Subjects that none in the media, and few elsewhere, seem to understand

Margins of error. Hey, media, here's a multiple choice question for you: if Party A leads Party B by 4.99% in a poll whose margin of error (95% confidence interval - i.e. "nineteen times out of twenty") is 5%, what is the chance that Party A is, in fact, ahead of Party B?

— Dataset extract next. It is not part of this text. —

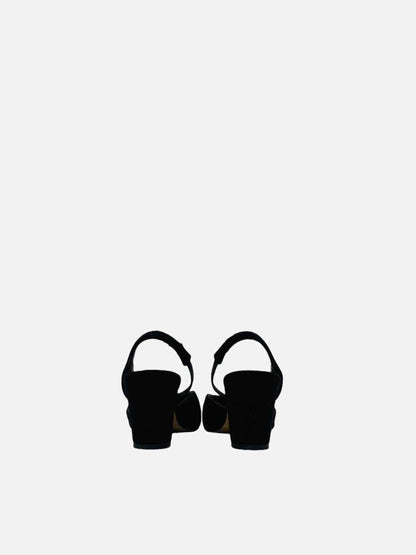 CHANEL Slingback Black Cap Toe Size EU 37 Pumps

a. 50%: because the poll difference is within the poll's margin of error, it's a statistical tie, so there is equal chance of either party being ahead.
b. a hair under 95%: because a difference of 5% gives a 95% certainty of Party A being in the lead, a difference of very slightly under 5% will give a certainty very slightly under 95%.
c. it's impossible to say

(The correct answer is in the comments section, though I like to think that my limited readership is smart enough that it won't need to check.)

4 comments:

"Steve Smith" said...

B

Sean Tisdall said...

Steve, it's actually a hair under 97.5%, not 95% You have to account for the fact that that deviation is over a 95% range in both directions... one time out of 20 the variation will be more divergent than 5%, but half of that 5% will have understated the 4.99% lead by more than 5%

"Steve Smith" said...

You'd be right, except that you're forgetting that if each party's support is off by 2.51% in appropriately divergent directions, that also places Party B ahead; neither party needs to be individually off by more than 4.99% for the lead to be incorrect.

Sean Tisdall said...

At 2.5% then we'd be dealing with one standard deviation, not two, and there would be at least a 1/36 chance... in those instances where there were 2.5% deviation in either direction... but also, there's a high degree of negative correlation between voter intentions across parties. It's an inherently zero-sum game.